── RAW DATA
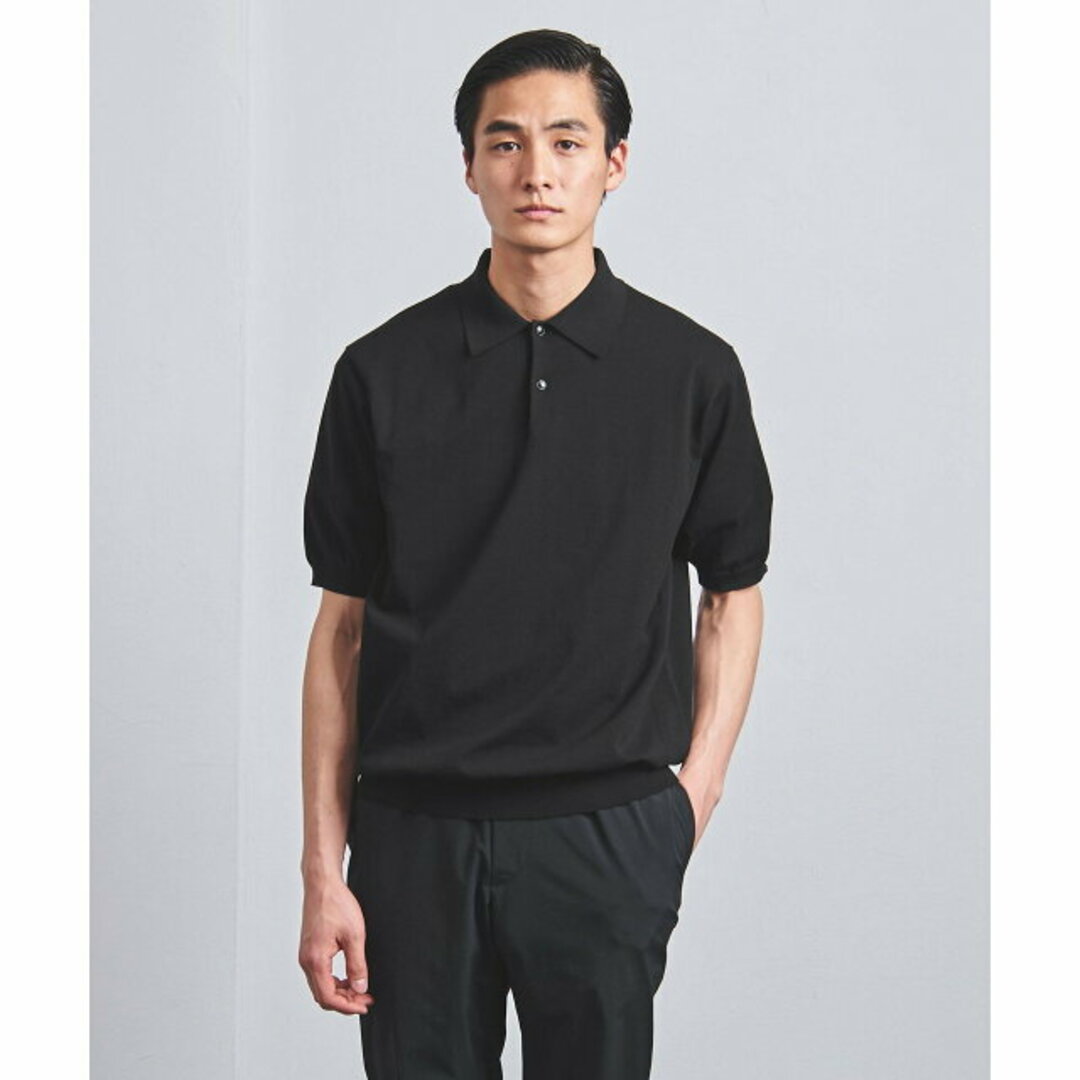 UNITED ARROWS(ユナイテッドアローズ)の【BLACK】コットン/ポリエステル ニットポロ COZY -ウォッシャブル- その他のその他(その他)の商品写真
────
── RAW DATA
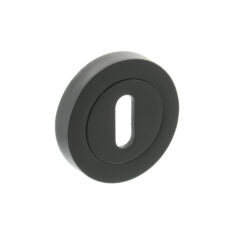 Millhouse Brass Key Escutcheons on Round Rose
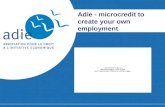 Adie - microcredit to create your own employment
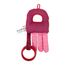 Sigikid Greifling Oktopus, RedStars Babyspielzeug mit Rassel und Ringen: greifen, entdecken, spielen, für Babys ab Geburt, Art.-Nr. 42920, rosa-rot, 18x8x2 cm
────
TASK DESCRIPTION:
Take the material above from the line bearing "Millhouse Brass Key" through the line bearing "Sigikid Greifling Oktopus, RedStars" and write it out exactly, both end lines included. Pictures stay out.

RESULT:
 Millhouse Brass Key Escutcheons on Round Rose
 Adie - microcredit to create your own employment
 Sigikid Greifling Oktopus, RedStars Babyspielzeug mit Rassel und Ringen: greifen, entdecken, spielen, für Babys ab Geburt, Art.-Nr. 42920, rosa-rot, 18x8x2 cm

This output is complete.